Work to complete
Word for word, return the lines below from the first through the line that has "Photo of 101", dropping the pictures.

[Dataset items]

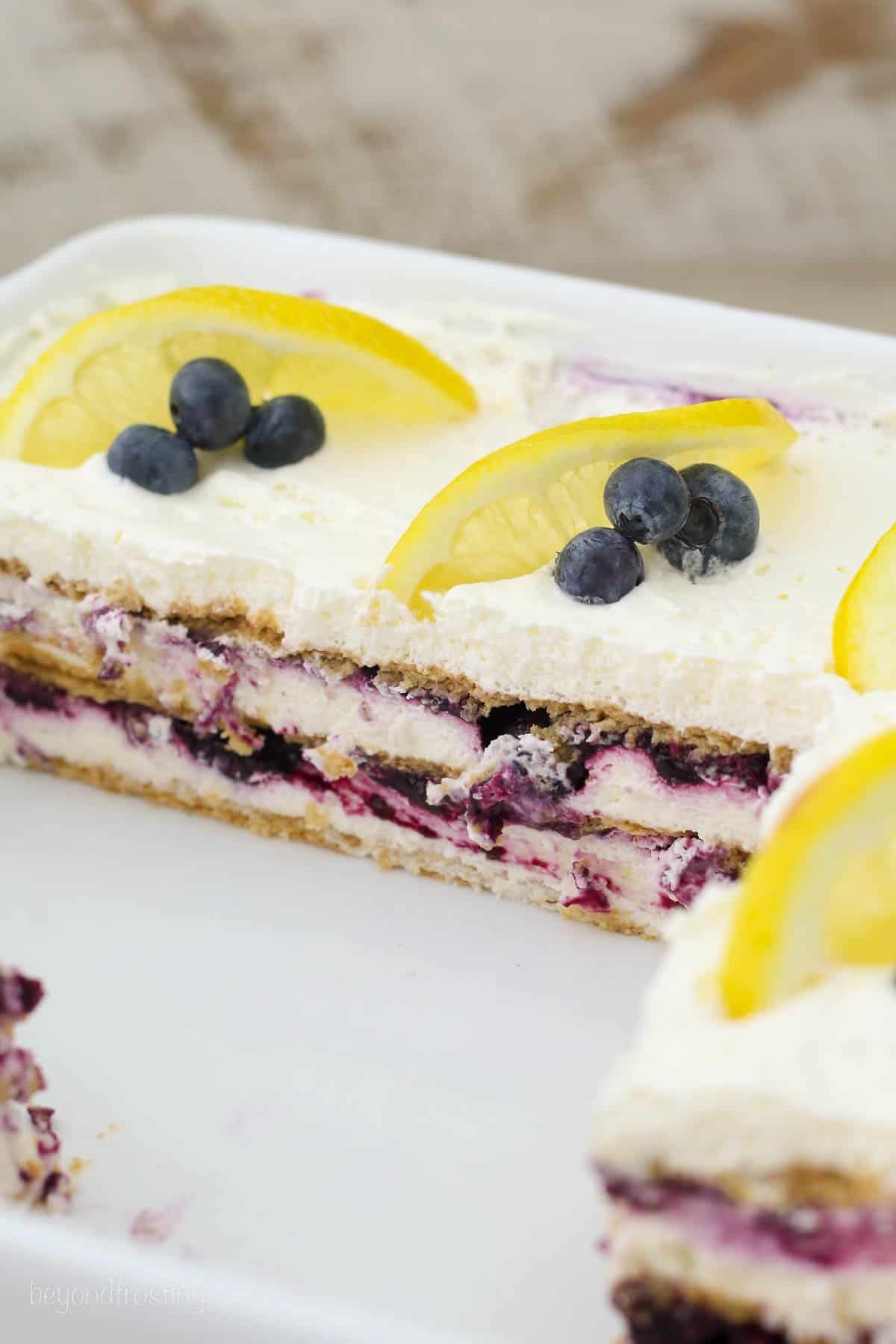 overhead of a half filled baking dish with lemon icebox cake garnished with blueberries and lemon slices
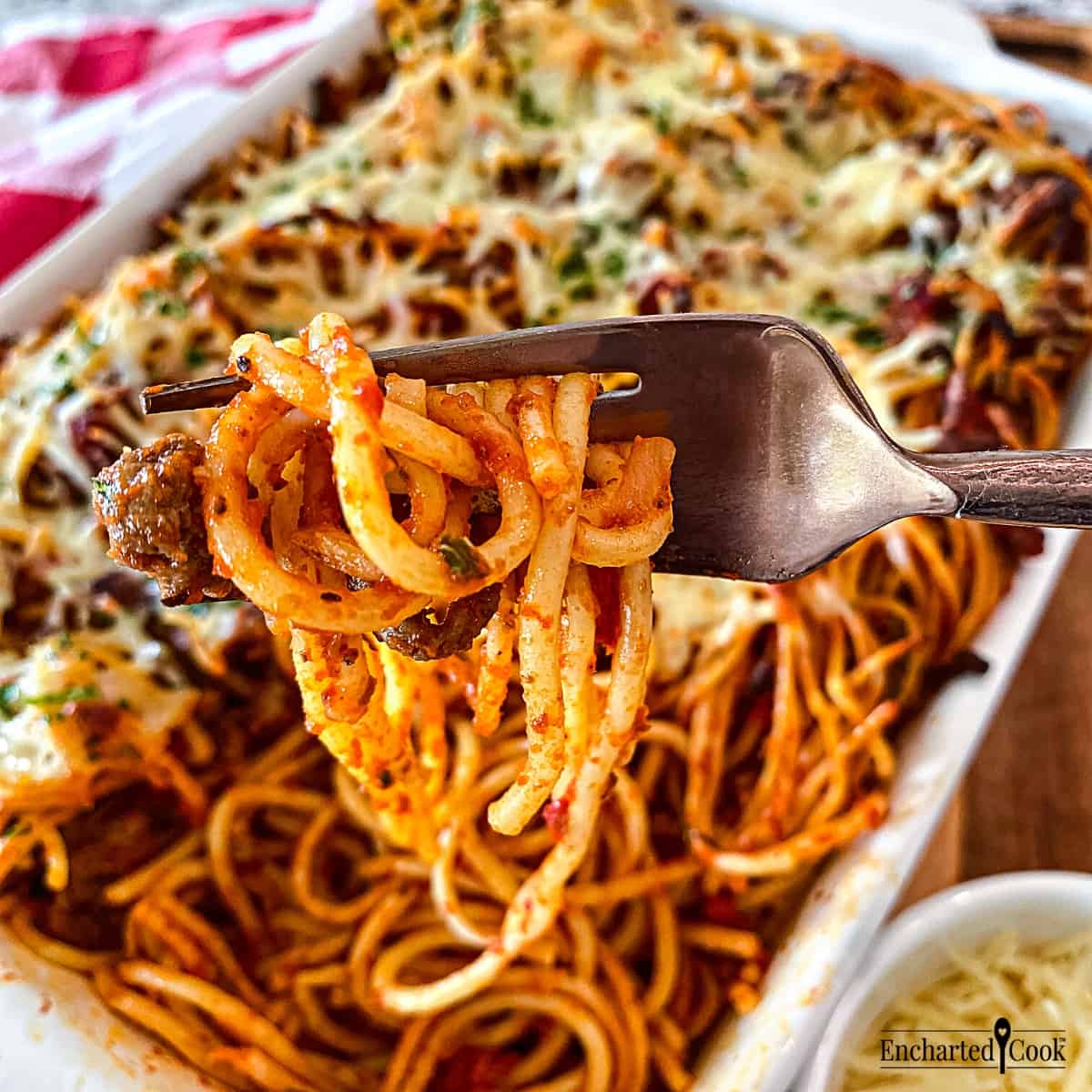 A forkful of baked spaghetti with meaty marinara sauce.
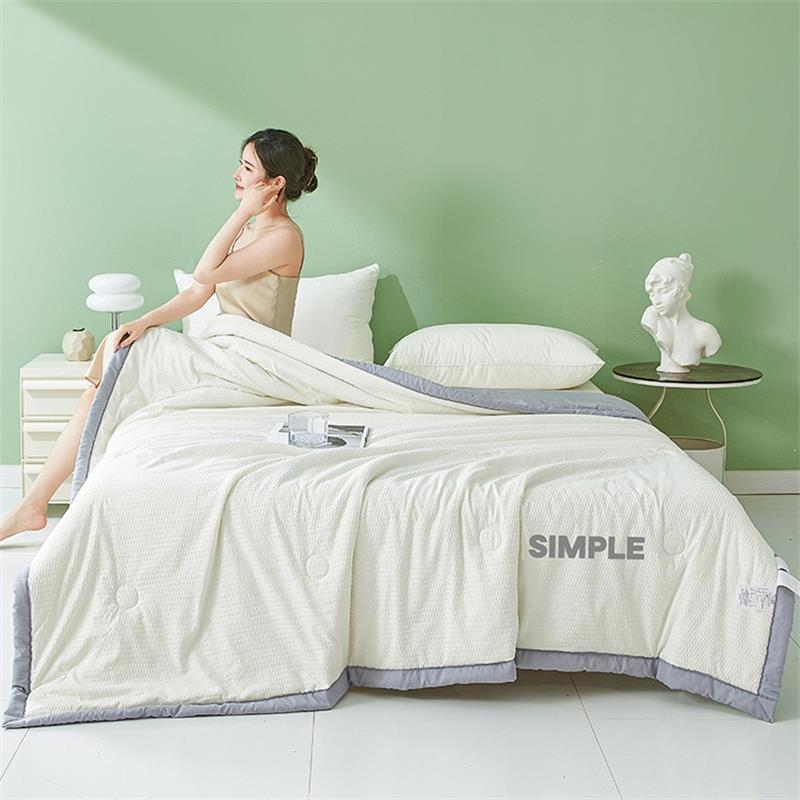 White seersucker summer cooling quilt with a colored border draped on a styled bed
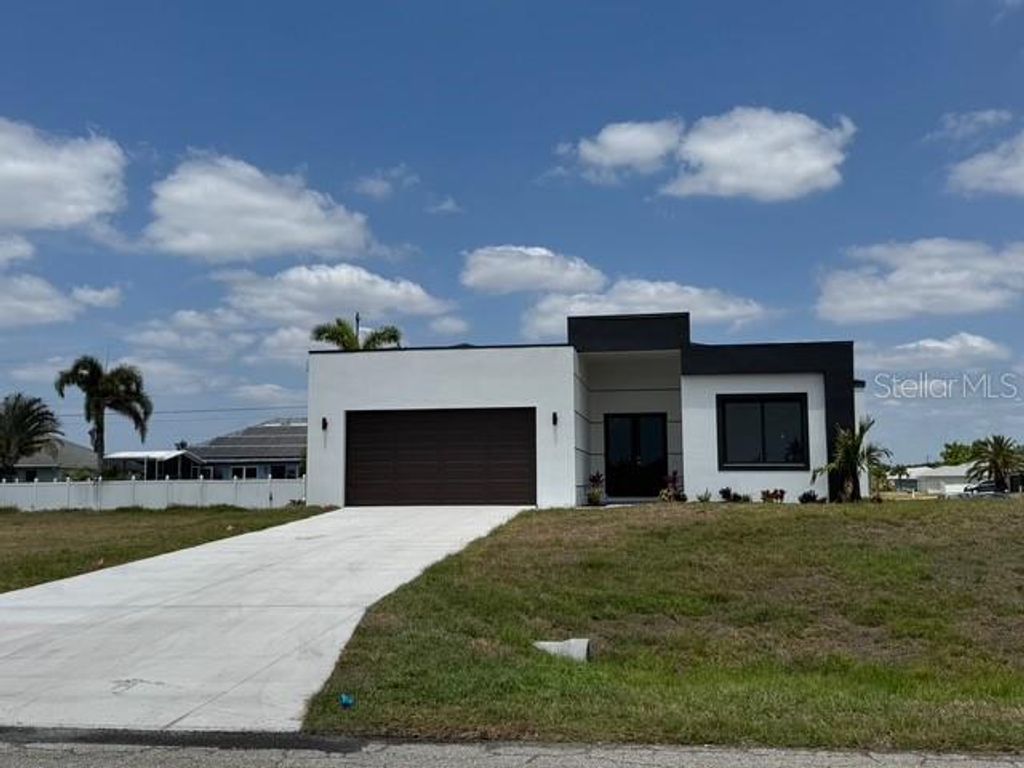 Photo of 101 NW 10th Terrace, Cape Coral, FL 33993 (MLS # C7509917)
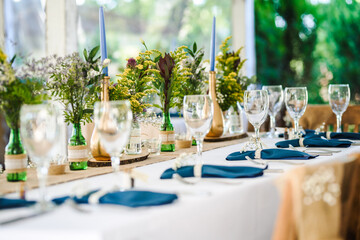 Table decoration for a special occasion -  boho wedding table set up. Outdoor wedding/party
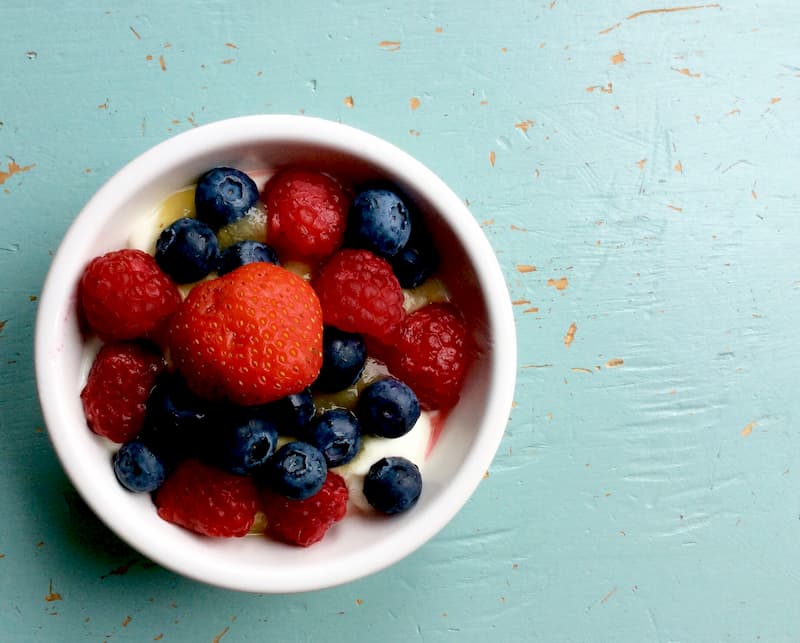 Bowl of yogurt with berries and honey on the top | The Orlistat Diet: Avoid These Foods! | e-Surgery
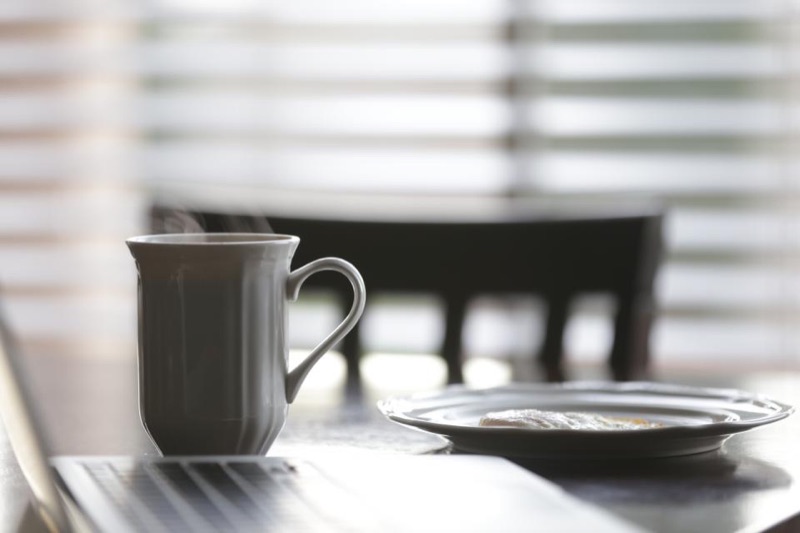 Coffee mug on a table beside a sunny window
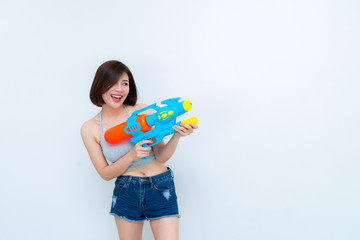 Asian sexy woman with gun water in hand on white background,Festival songkran day at thailand,The best of festival of thai,Land of smile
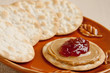 Sweet strawberry jelly and peanut butter on a cracker Sweet strawberry jelly and peanut butter on a cracker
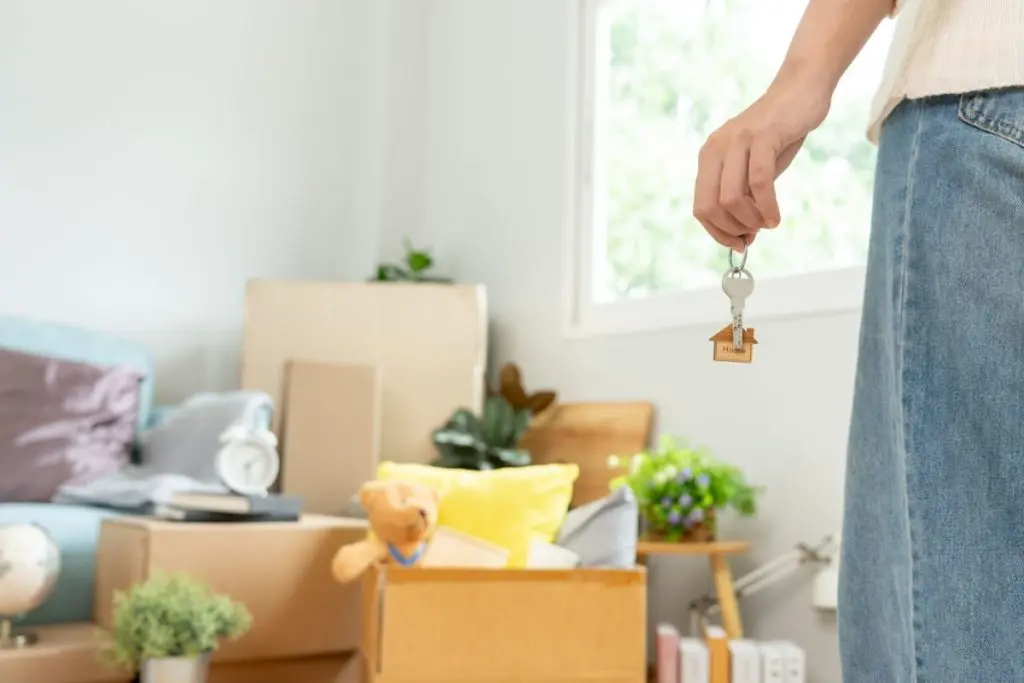 standing woman holding keys from the apartment, in from of the box with the clothes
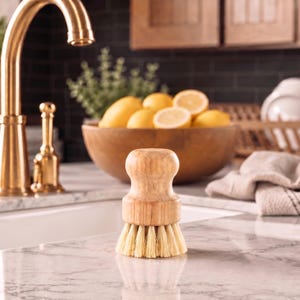 Puede incluir: Un cepillo de madera para lavar platos con cerdas de color claro est&aacute; sobre una encimera de m&aacute;rmol. Un grifo dorado y un cuenco de madera lleno de limones est&aacute;n en el fondo. Tambi&eacute;n se ve una toalla de lino y un escurreplatos.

Result of this exercise
 overhead of a half filled baking dish with lemon icebox cake garnished with blueberries and lemon slices
 A forkful of baked spaghetti with meaty marinara sauce.
 White seersucker summer cooling quilt with a colored border draped on a styled bed
 Photo of 101 NW 10th Terrace, Cape Coral, FL 33993 (MLS # C7509917)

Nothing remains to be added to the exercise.